M. Charles Guené. Avant de poursuivre, je voudrais revenir sur certaines préconisations qu’avait suggérées le groupe de réflexion parlementaire.

La mesure la plus originale consistait, sans doute, en un rebasage de la DGF, qui avait, en dépit de son côté savant, l’immense avantage de régler le problème des dotations « négatives », eu égard à la contribution au redressement des finances publiques, en faisant participer les collectivités les plus riches et en les soumettant aussi à la contribution à la péréquation verticale, alors que le système actuel de plafond, qui est abscons, en reporte la charge sur les autres collectivités.

Au prétexte de sa complexité – dont je vous laisse juge au regard de l’état actuel de la fiscalité locale… –, le Gouvernement refuse notre proposition de rebasage et fait le choix de satisfaire le premier mécanisme, tout en prorogeant la seconde iniquité, en la limitant seulement, pour partie, par une référence aux recettes réelles, qui est certes plus logique et évolutive.
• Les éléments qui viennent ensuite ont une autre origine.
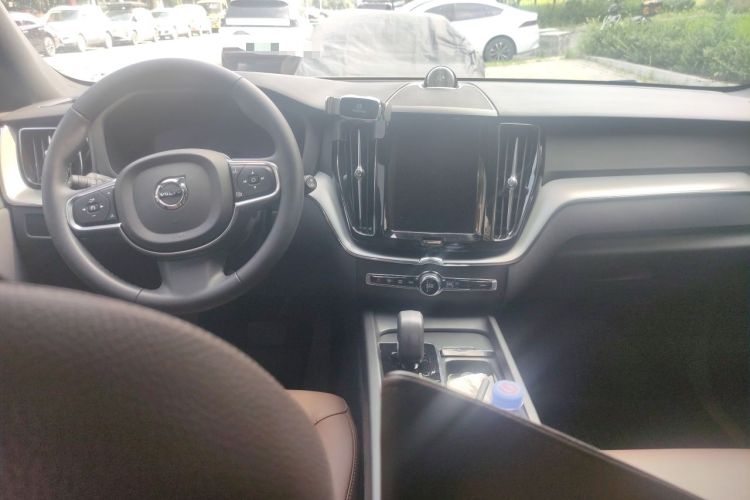 Used Volvo XC60 2024 B5 4x4 Smart Luxury Edition Center Console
Quel dommage !

Nous notons toutefois que le Gouvernement a bien voulu retenir, pour partie, nos propositions de toilettage de la DSU et de correction de la DGF pour les communautés d’agglomération. Il consent aussi à attribuer une part de l’impôt national qu’est la TVA aux régions, dans le cadre du financement de leurs nouvelles compétences ; ce point va sans aucun doute dans le sens d’une bonne gouvernance systémique et pourrait constituer une base intéressante pour les réformes à venir.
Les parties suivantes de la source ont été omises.